# K2 Indexing problem



## PinkKindle (Sep 10, 2009)

Okay, last week I had bought Osnova's KJV Bible for the Kindle which uses searches to navigate to different verses.  After I downloaded I left the Kindle alone for about 15 minutes, assuming it was indexing -- and when I tried it later it worked great.  Searches took me exactly where they should.  

Well, now these last few days I can no longer search!  Every time I try it says "Your search can not be completed as this book has not been indexed.  Please try again later."  Well, I find that a bit odd, because it had been indexed before . . . 

In addition, if I try searching through all my books from the home page, it tells me 25 books are not yet indexed (I think I only have 26 actually on the Kindle, not counting Archive -- and if it doesn't count the dictionary, then that's all 25!).  I've left it sitting there, but nothing seems to be indexing -- at least whenever I check over the last 2 days or so, nothing has changed.  I removed the one book that was not from Amazon, which was the only one that seems like it might be causing a problem, but it didn't change anything.
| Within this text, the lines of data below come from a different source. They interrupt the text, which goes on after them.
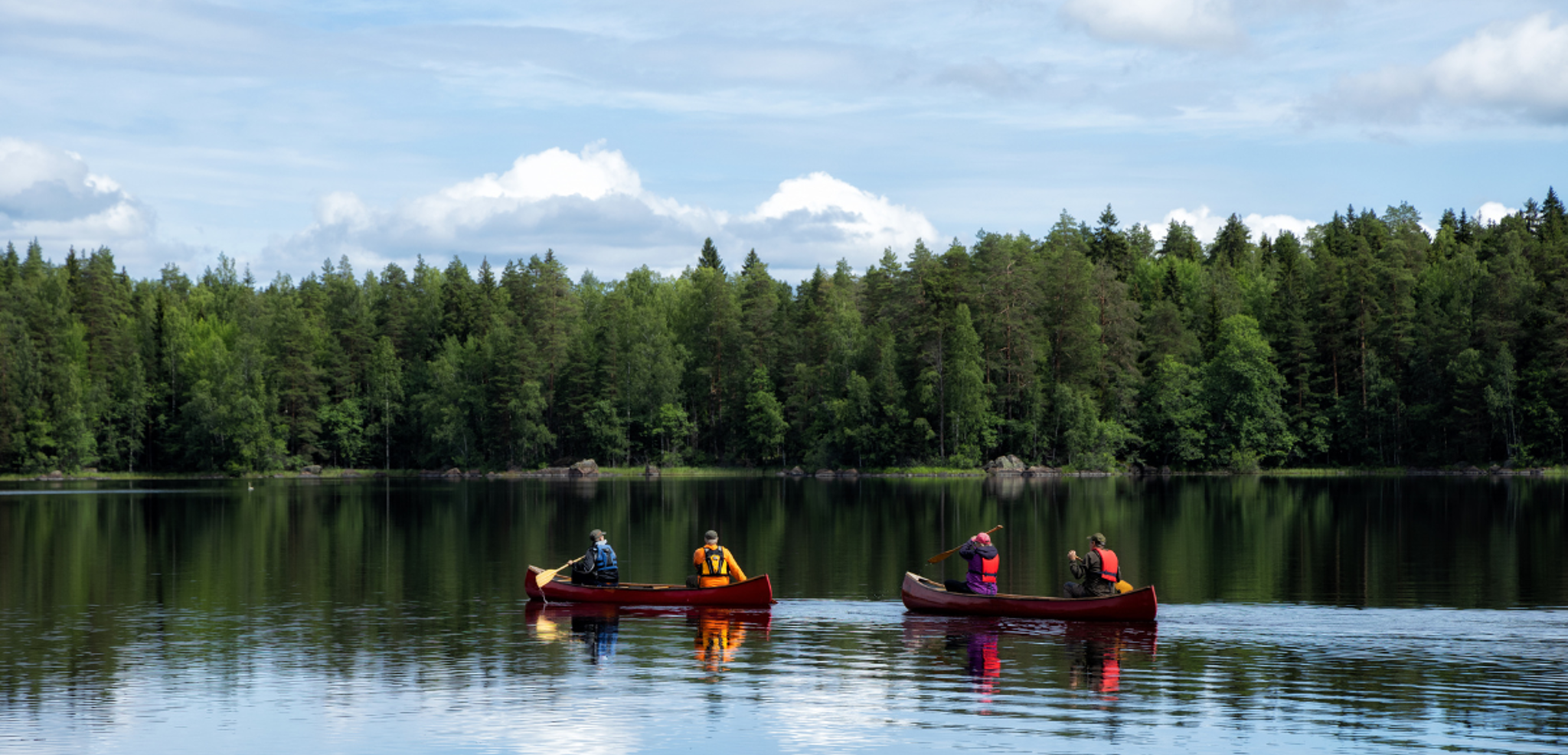 Glissez sur l'eau en canoë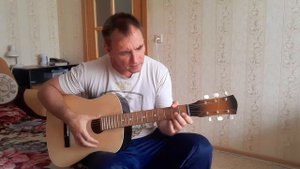 Песни на гитаре. Восьмиклассница.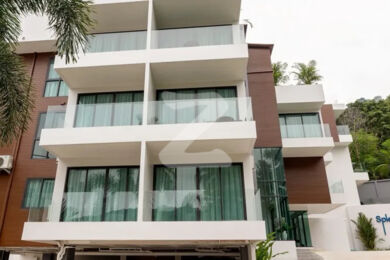 สเพลนดิด คอนโดมิเนียม Splendid Condominium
So any suggestions?  Is there a way to make them index individually?  I tried going into the not indexed list and clicking on them, but nothing happened.  Do you think doing a menu/settings/menu/restart or sync would help?  Might leaving wireless on (which I don't usually do) help?  I'm not sure what else to try!

Thanks so much!


----------



## Betsy the Quilter (Oct 27, 2008)

I would try a reset.  If that doesn't work, I would try a hard reset.  (I think these are two different things on the K2, aren't they?)  If that doesn't work, I would remove the Osnova bible, do another reset and then connect to the Whispernet, which often helps the Kindle normalize.  See if you can search on your other books then.  If so, you can try adding the Osnova bible again and waiting a day or so to see if it indexes.  It is a big book.

Betsy


----------



## PinkKindle (Sep 10, 2009)

Thanks Betsy!   I did a Restart from the menu and then didn't touch the Kindle again for like 15 minutes -- and when I tried, everything's indexed and the Bible searching worked just fine again!  Also, general searches through all books works fine and nothing shows as not indexed.  Yay!   Guess it just needed to be reset. 

I do want to say, for anyone reading this, I really don't think the Bible caused the problem.  It worked fine at first and works fine again now.  I still think it was probably the non-Kindle book I put on there and then removed that made the Kindle decide to unindex everything -- I'm just glad it's fixed now!

Thanks again Betsy!


----------



## Betsy the Quilter (Oct 27, 2008)

Great!  Glad we were able to help.  Love your pink Kindle icon!

Betsy


----------



## PinkKindle (Sep 10, 2009)

Thanks!  Jason911 was nice enough to make that picture into an icon for me! 

And I'm happy to report that the search on my Bible worked great this morning now that the indexing problem is fixed!


----------